The Case Of The Phantom Bucket
A very short post this week, as I’m still struggling with my connection leak and a number of other things (RavenDB production server performance issues is the biggest one, but also automating a Node/NPM built website into our current CI architecture, which is mostly based around Powershell/MSBuild). Its been a pretty discombobulated week.
So this incredibly short post?
Phantom buckets in S3.
There Is A Hole In The Bucket
Our environments often include S3 buckets, and those buckets are typically created via the same CloudFormation template as the other components (like EC2 instances, ELB, Auto Scaling Groups, etc).
Until now, the names of these buckets have been relatively straightforward. A combination of a company name + environment (i.e. ci, staging, etc) + the component (like auth service) + the purpose of the bucket (logs, images, documents, whatever).
This works great.
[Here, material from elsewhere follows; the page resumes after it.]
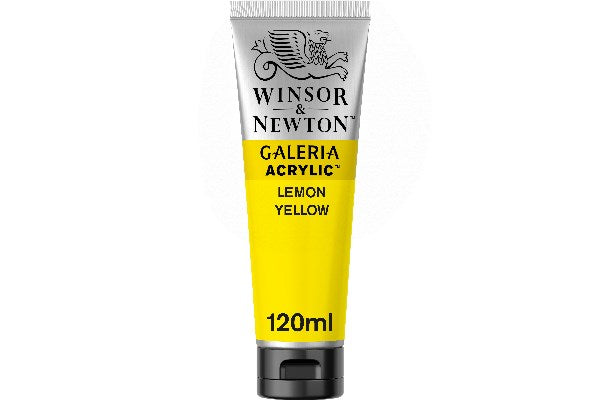 Galeria Acrylic 120Ml Tbe Lemon Yellow 346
Your buckets have sane names, so you know where to look for things and its easy to apply different lifecycle management depending on the bucket purpose.
Unfortunately its not all wonderful happy time.
The first issue is that CloudFormation will not delete a bucket with contents. I can understand this from a safety point of view, but when the actual AWS API allows you to just delete buckets with contents, the disconnect is frustrating.
What this means is that now you need to delete the bucket contents outside of the actual stack deletion. Its especially annoying for buckets being used to contain ELB logs, as there is an extremely good chance of files being written after you’ve cleared the bucket ready for CloudFormation to delete it. I’ve solved this issue by just deleting the bucket outside of the stack teardown (we already do some other things here, like Octopus management, so its not entirely unprecedented).
The second issue is phantom buckets.
OooOOooOoo
I’ve encountered this issue twice now. Once for our proxy environment and now once for one of our API’s.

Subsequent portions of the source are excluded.